What characters or character combinations illegal in a subdomain?
(ex: domains accept dashes, but not consecutive dashes and not dashes at the beginning or end of the domain)
See 'Hostnames' in RFC2396, RFC1034, RFC1123 as a start.
Jim
safe = "$" ¦ "-" ¦ "_" ¦ "." ¦ "+"
extra = "!" ¦ "*" ¦ "'" ¦ "(" ¦ ")" ¦ ","
national = "{" ¦ "}" ¦ "¦" ¦ "\" ¦ "^" ¦ "~" ¦ "[" ¦ "]" ¦ "`"
punctuation = "<" ¦ ">" ¦ "#" ¦ "%" ¦ <">
reserved = ";" ¦ "/" ¦ "?" ¦ ":" ¦ "@" ¦ "&" ¦ "="
hex = digit ¦ "A" ¦ "B" ¦ "C" ¦ "D" ¦ "E" ¦ "F" ¦
"a" ¦ "b" ¦ "c" ¦ "d" ¦ "e" ¦ "f"
escape = "%" hex hex
unreserved = alpha ¦ digit ¦ safe ¦ extra
uchar = unreserved ¦ escape
xchar = unreserved ¦ reserved ¦ escape
digits = 1*digit
It would be nice to see some Apache documentation that defined apache's actual ruleset for validating a subdomain though, as (I would think) their software would have the final say.
2.3. Unreserved Characters
Characters that are allowed in a URI but do not have a reserved
purpose are called unreserved. These include uppercase and lowercase
letters, decimal digits, hyphen, period, underscore, and tilde.
unreserved = ALPHA / DIGIT / "-" / "." / "_" / "~"
Page 17 of RFC1738 is also useful, if you can stand a bunch of recursive definition'ing.
Apache does not define any of this stuff, because Apache was written to *follow* the RFCs, not define them. This is the opposite approach as that taken by our favorite OS maker in Redmond WA. :)

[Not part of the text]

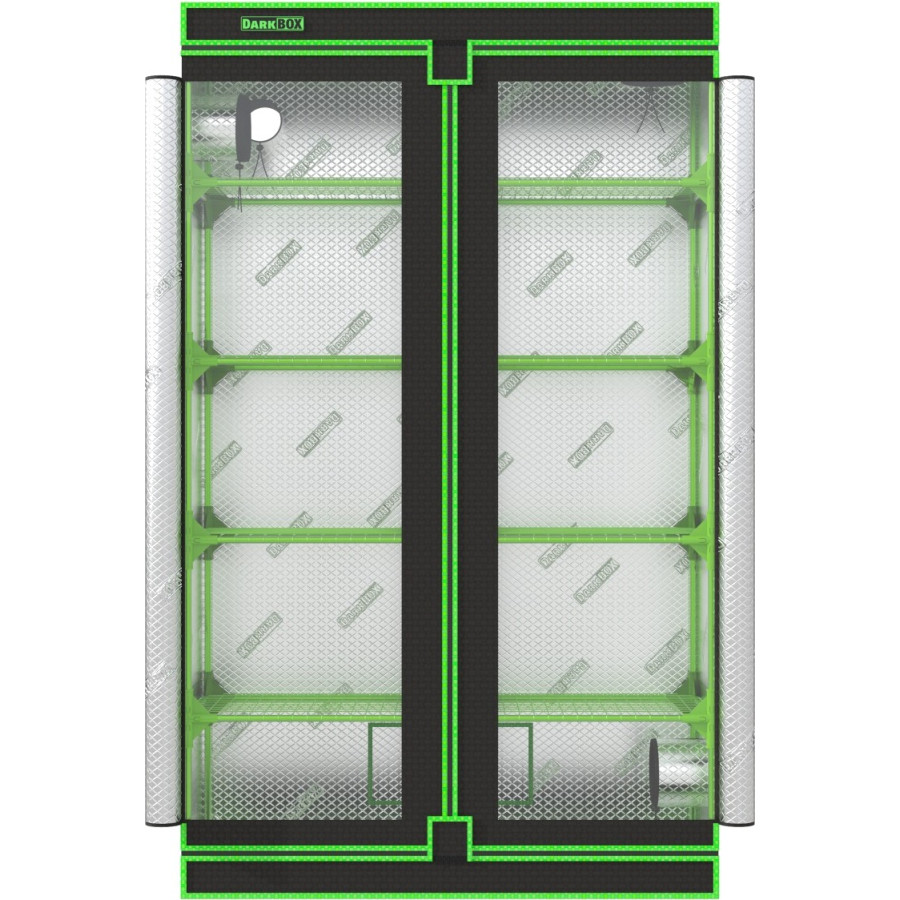 Dark Box Invernadero Propagator – Tente étagère Culture Indoor Haute Isolation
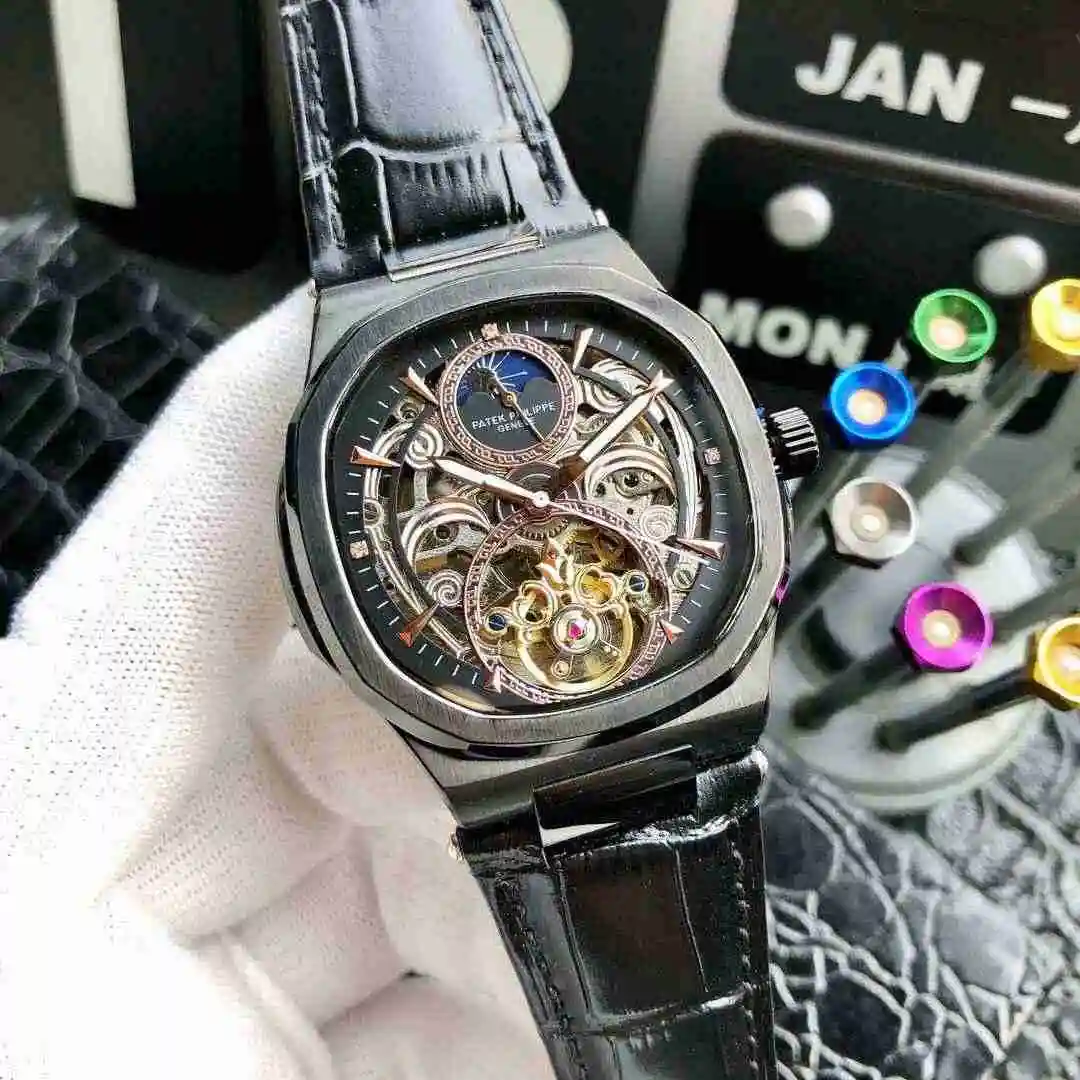 General Watches Patek Philippe Watch Men's Watch Paired with Original Fully Automatic Mechanical Movement Top Grade 316 Precision Steel Case Case with Mineral Super Strong Mirror Diameter 42mm KK05250 3 view 5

Apache pretty much accepts any request that hits its port(s) -- So the validity of a hostname is determined by the DNS system, and not by servers.
Jim
I didn't find any documentation from cPanel stating their ruleset, but since that software is so widespread I ended up doing some testing to see how they handled subdomains.
The cPanel system takes any subdomain that starts with a valid character. If you start the subdomain with a valid character and throw in an invalid character somewhere along the way (hello+world), it accepts the subdomain up to the invalid character (hello), although it maps the subdomain to the entire string (home/user/public_html/hello+world).
I haven't thought of a good solution to tackle the international character sets. Unfortunately, I don't think regex has any international character sets defined.